Getting Started
Using SlayQ requires a few steps:
- Install the slay-q client into your Nuxt or Next (or SvelteKit or whatever) app
- Run the SlayQ event server
- Optionally run the SlayQ HTTP RPC ingest server
Run the Example App
We provide a sample Nuxt app with SlayQ integrated already so that you can see how the integration works and how jobs are defined or written:
npx giget@latest bitbucket:slay-pics/slay-utils/src/main/examples/nuxt-example slayq-nuxt-example --install
cd slayq-nuxt-example
pnpm install
cp example.env .env
docker compose up -d
pnpm run dev
Once installed, navigate to http://localhost:3000/. The UI here is just a mechanism for triggering events, it won't provide any feedback as to the result of the events running. You should watch the console to see that aspect in action.
How the Example App Works
The key directories of the example app are:
server/slay-q
- This directory contains the example functions and the SlayQ client export to be used by the rest of the application.server/api/slay-q
- This is the receiving endpoint that receives events from SlayQ server (a wrapper around Graphis Worker).
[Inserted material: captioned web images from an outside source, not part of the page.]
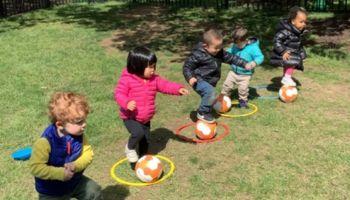 Toddlers with one foot on a soccer ball outside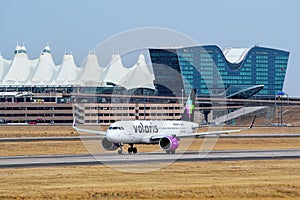 Airbus A320 operated by Volaris taxiing at Denver International Airport, Colorado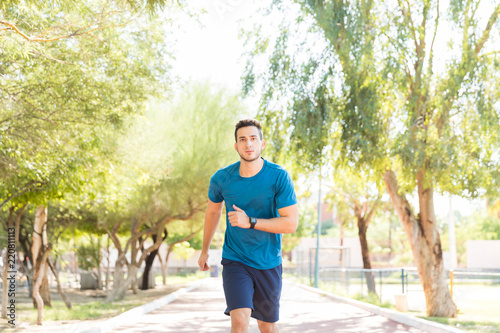Healthy Man Jogging Determinedly On Track In Park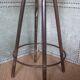 high factory stool made of wood and metal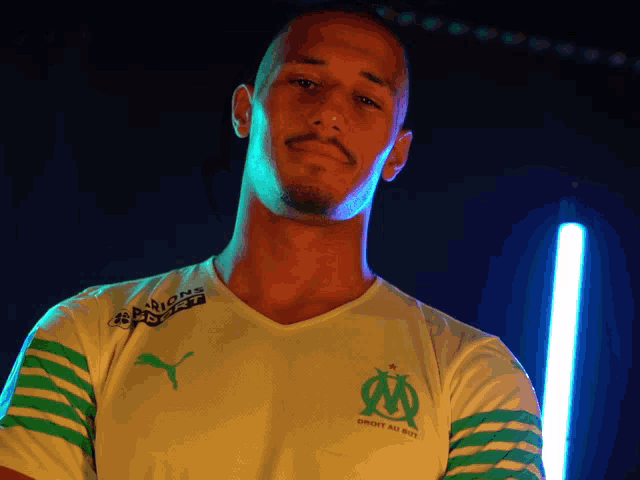 a man wearing a white shirt with green stripes and a puma logo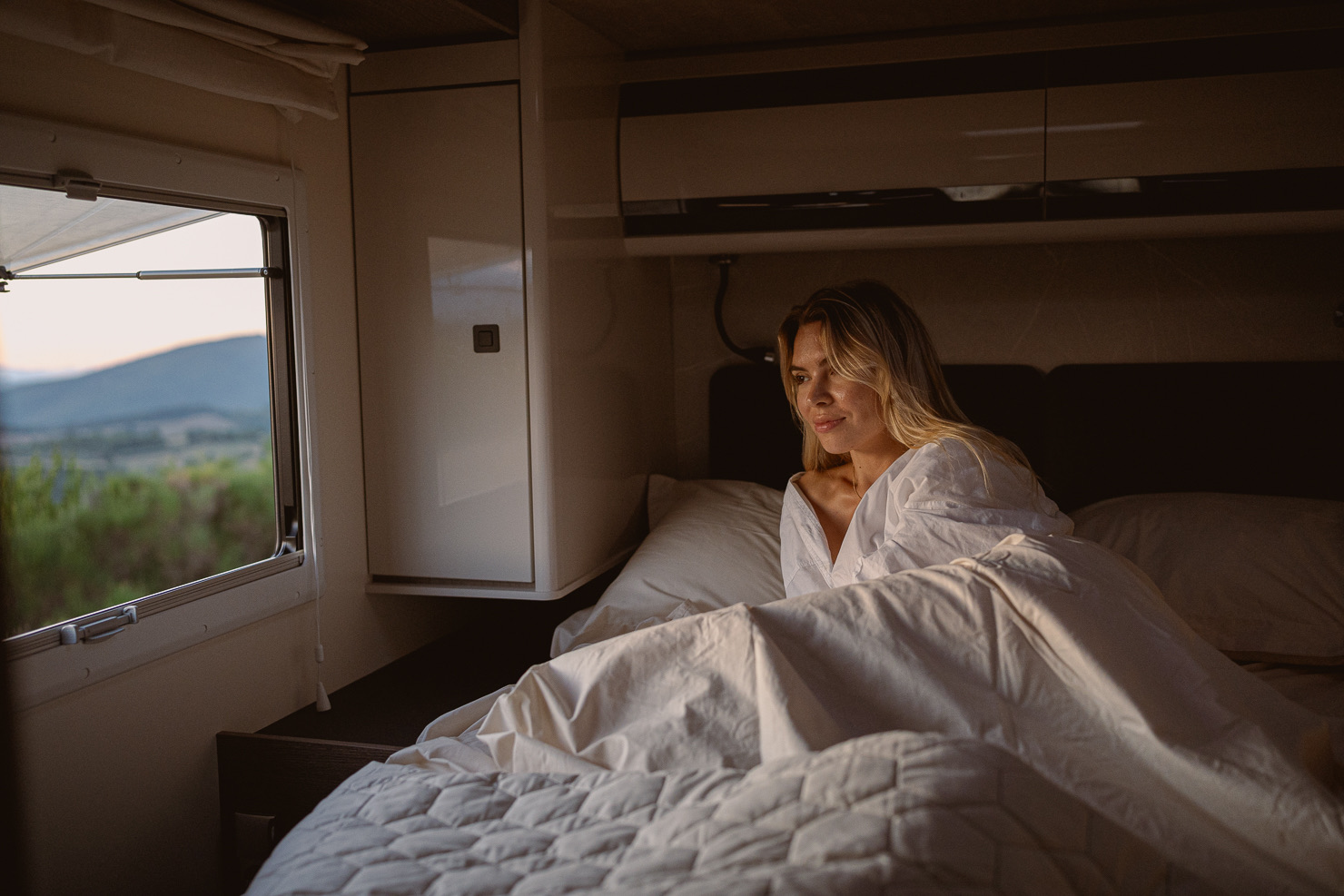 Interno di un camper Arca con vista panoramica dal letto
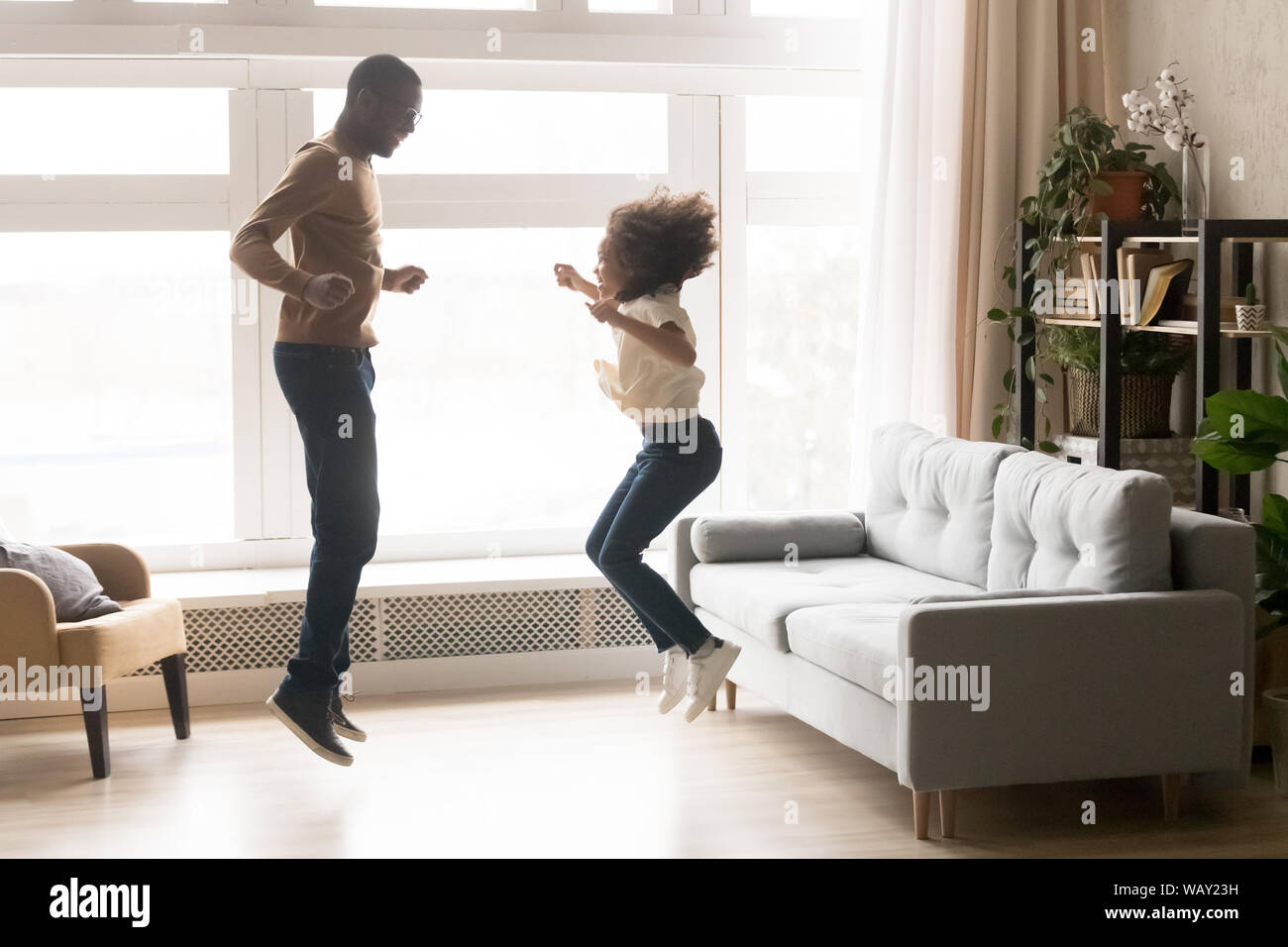 Felice americano africano padre e figlia piccola jumping insieme Foto Stock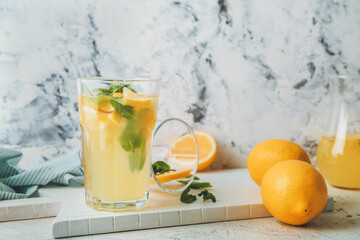 Composition with fresh lemonade on table
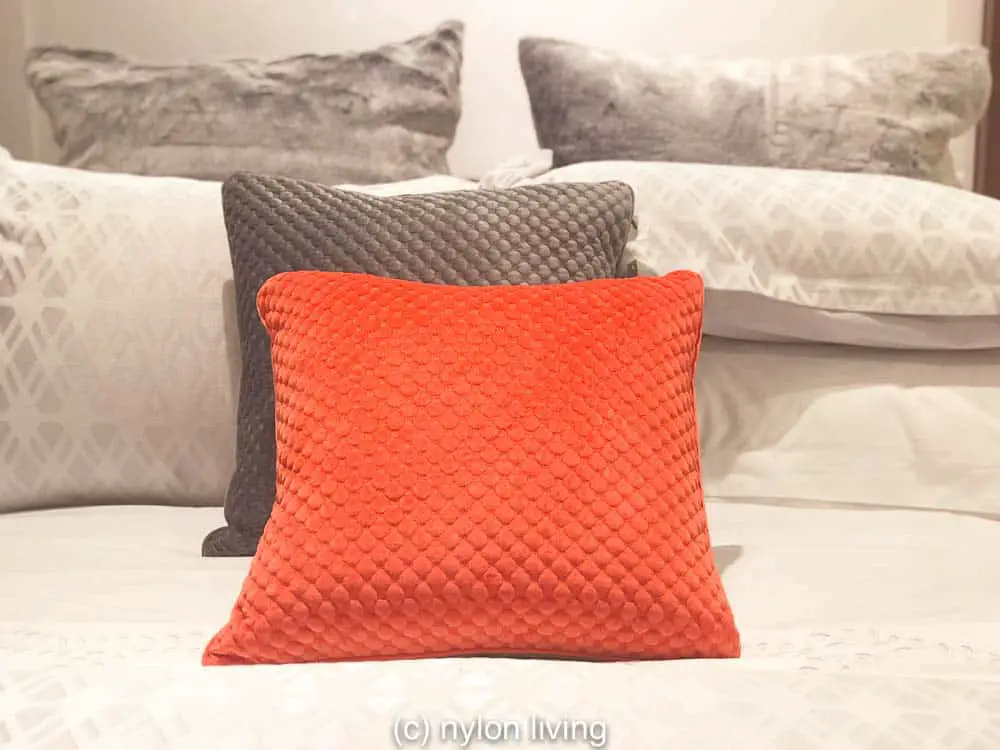 Create a coral and grey bedding look by simply accenting with coral colored throw pillows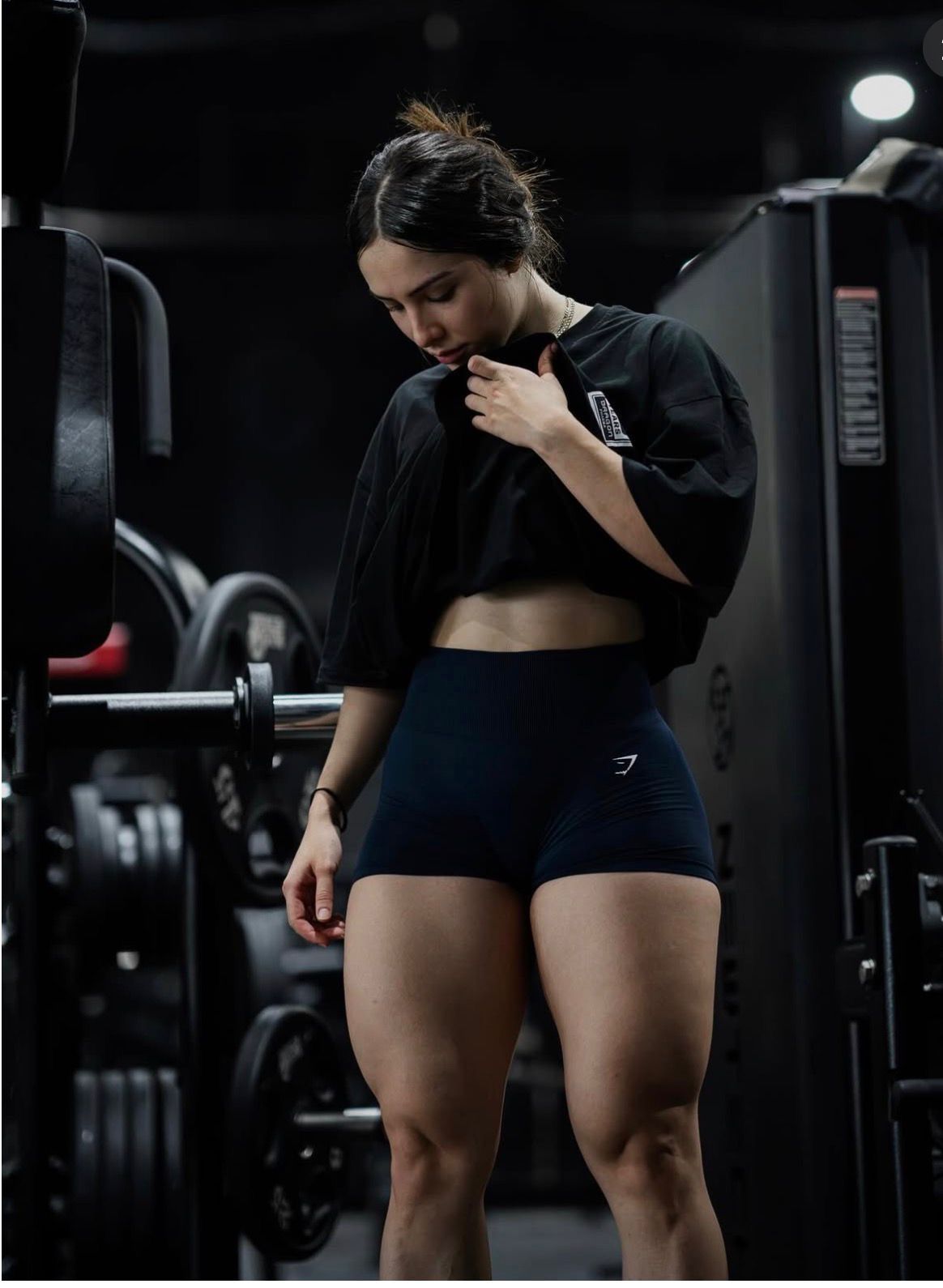 Woman in black crop top and Gymshark shorts standing in dark gym near barbell rack.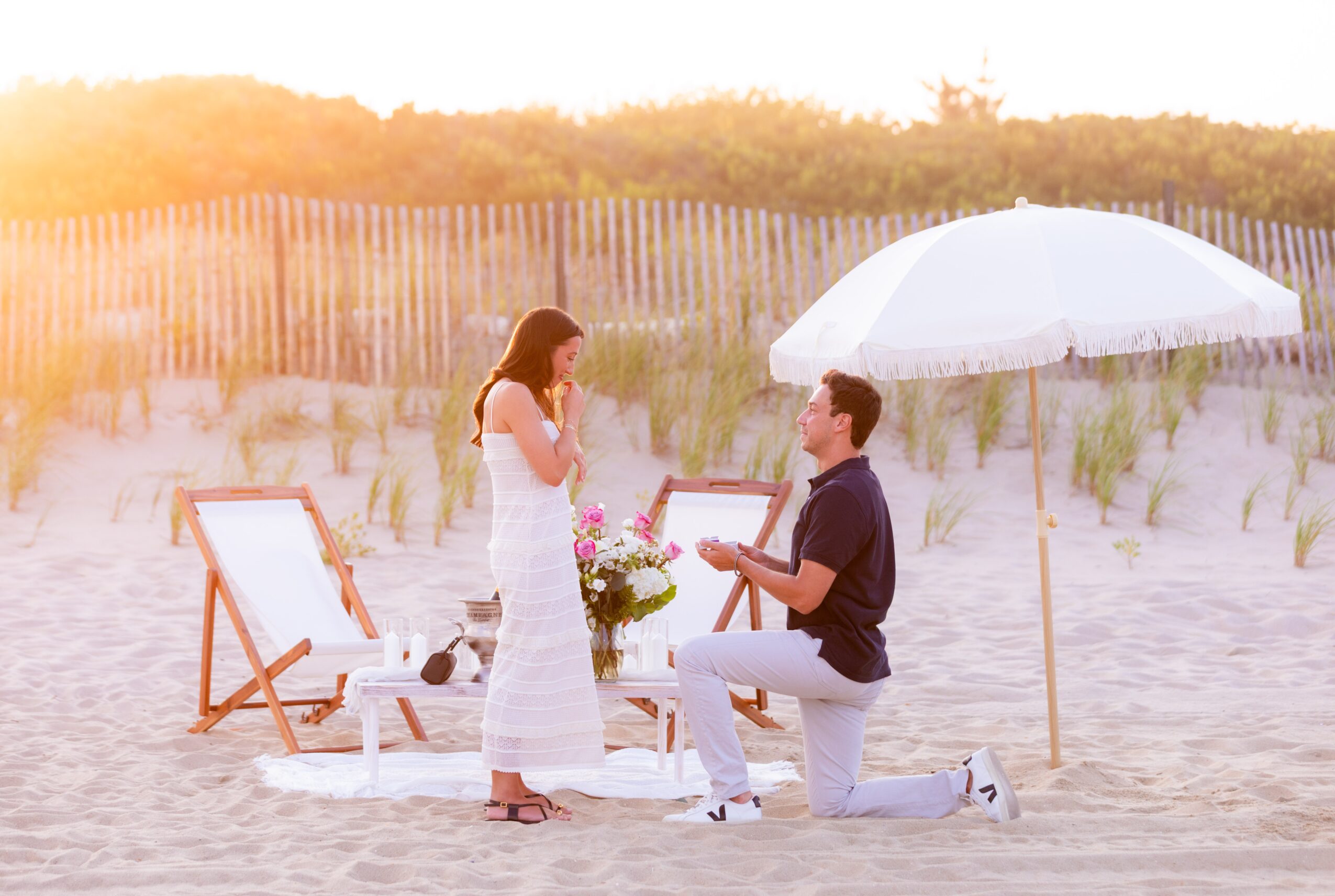 A man proposes to a woman on a beach with a bouquet, under a white umbrella, with a chair and fence in background.
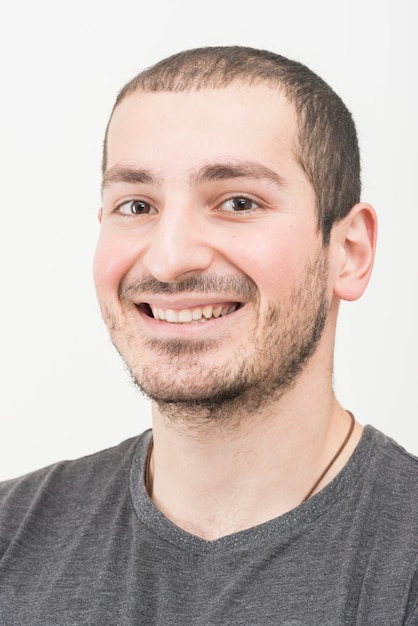 Foto primer del hombre sonriente joven en el fondo blanco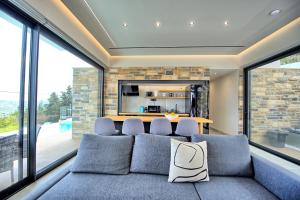 A seating area at Villa Kallos by PosarelliVillas
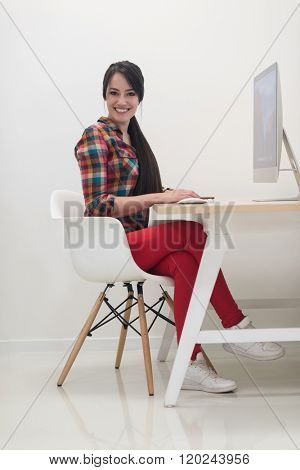startup business, woman  working on dektop  computer at creative modern office relaxing and have fun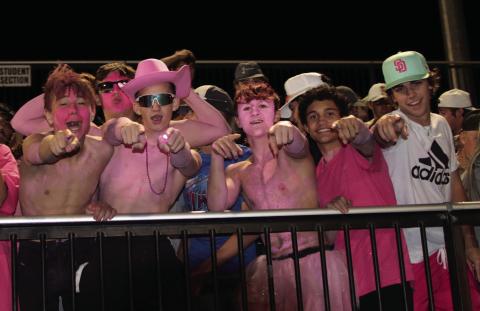 Tiger fans Jagger Willing, Cole Vaughn, Clay McKiddy, Andy Collier, Daniel Hernandez, and Gage Lovin celebrate Cushing’s third touchdown of the night as the Tigers shut out Wagoner Friday during the Breast Cancer Awareness, pink-out game.
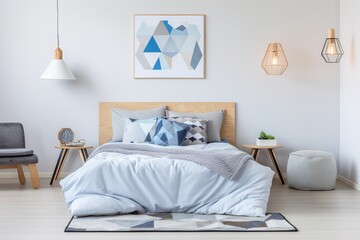 a modern bedroom with a wooden bed, white walls, and a geometric blue and white rug. The room has a minimalist design with a wooden nightstand, a gray armchair, and a white pouf. 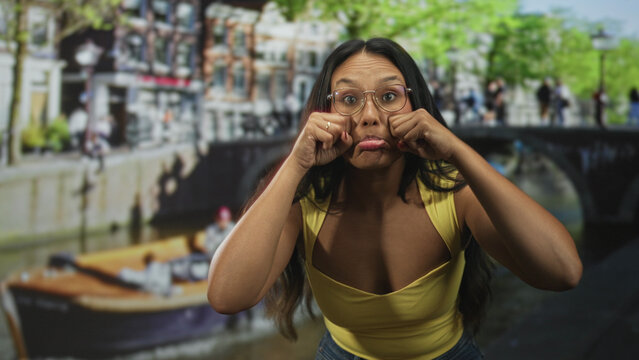 Woman pinching her cheeks with fingers and making a funny face wearing glasses and a yellow tanktop in studio; playful mischief.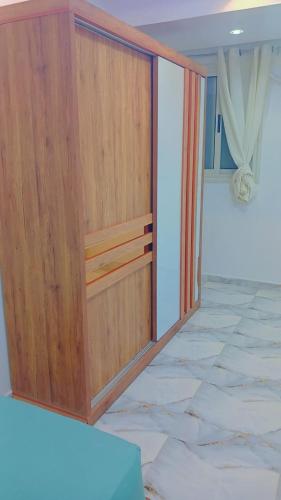 a large wooden cabinet in a room with marble floors at اهلا بيكم في بيتنا in Jazīrat al ‘Awwāmīyah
Any application wanting to integrate SlayQ will have to implement something similar to the above. You'll need to define functions, create a SlayQ client and register those functions with the client.
The other aspect of the example app is a docker-compose.yml
file that loads three components that work in tandem to store events
and dispatch them to your application:
- Postgresql Server - The datastore for events.
- HTTP RPC Ingest Server - An HTTP interface your application would use to trigger jobs and otherwise interface with the system.
- Slay Q Server - Dispatches jobs from the database and sends them to your app.